Berbicara tentang Musyahadah maka kita berbicara tentang pengetahuan puncak sufi yang didapat tidak lagi melalui logika atau indera, namun ia didapat melalui mata hati yang disebut dengan bashirah, sedang pengetahuan para sufi adalah pengetahuan ilham dari Allah.
Menurut Abdul Halim Mahmud, mata hati (bashirah) itu hanya bisa berfungsi kalau telah mencapai kebersihan rohani dan kebeningan jiwa hingga terang seterangmya mencapai Cahaya Ilahi. Maka tingkat pengetahuan sufi adalah tingkat kedua setelah Nubuwwah Nabi. Untuk mencapainya harus melalui maqomat dan ahwal dimana maqomat merupakan jalan bertingkat yang terus menerus diusahakan, sedang ahwal adalah keadaan pemantapan rohani yang menyejukkan dan menyegarkan yang diberikan dalam Rahmat Rabbani.
Pedoman perjalanan sufi tidak lain adalah Rasulullah sendiri. Untuk itu diperlukan syarat-syarat. Syarat pertama harus harapan penuh kepada Allah, kedua harapan akan berjumpa dengan hari akhir, dan ketiga selalu dzikir kepada Allah. Dengan persyaratan itu seseorang telah mulai memasuki pintu menuju Tuhan dan mulailah tumbuh tekad untuk tegar menuju Tuhan dan memperbanyak tobat bila terjadi alpa atau lupa. Apabila tobat telah benar akan menumbuhkan wara’ yaitu meninggalkan segala bentuk syubhat dan hal itu akan mengantarkan kepada kedudukan zuhud, suatu kehidupan sederhana dalam segala hal, dan kedudukan ini menyampaikan lagi kepada kedudukan berikutnya yaitu tawakkal. Tawakkal adalah memberikan dan mempasrahkan segala hasil usaha karena kecintaan kepada-Nya. Dengan itu kecintaan mulai tumbuh dan semakin kuat dan pendorong segala usaha dan tingkah laku itu sesuai dengan kehendak yang dicintai. Apapun yang dikehendaki yang dicinta akan dilaksanakan dengan patuh dan penuh Ridha. Ridha merupakan maqam akhir menuju Tuhan.

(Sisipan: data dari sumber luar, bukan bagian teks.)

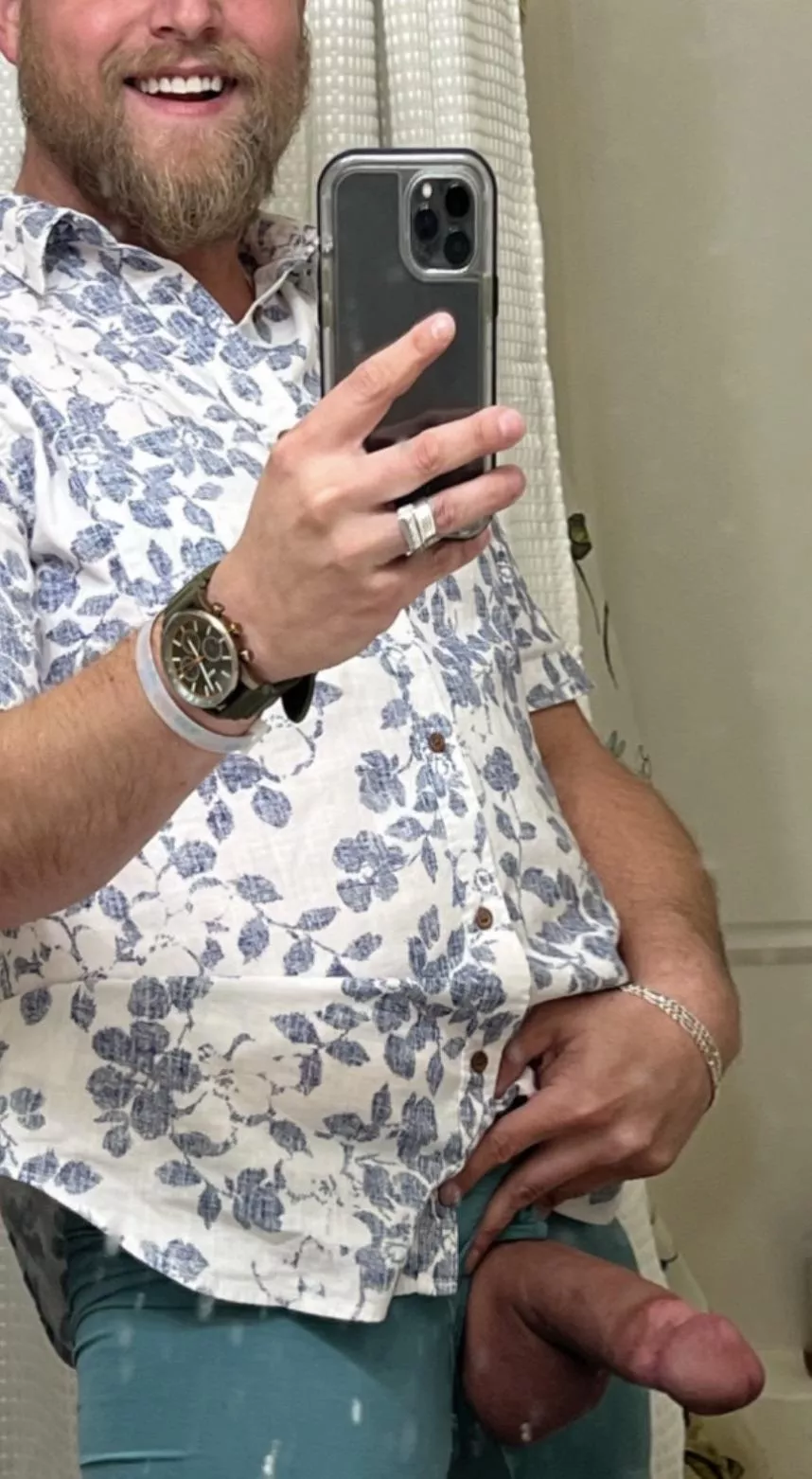 Tell me how you want it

Adalah amat mengesankan apa yang menjadi jalan tasawuf Abdul Halim Mahmud tersebut dan hal itu juga di tunjukkan dalam perjalanan hidupnya sebagai seorang sufi dan sarjana yang disegani. Kepribadian sufi yang luhur, disamping memiliki jalan tasawuf itu ia juga mampu menampilkan keunggulan spiritual islam ditengah kancah materialisme abad XX, hingga menimbulkan optimisme dan harapan-harapan baru.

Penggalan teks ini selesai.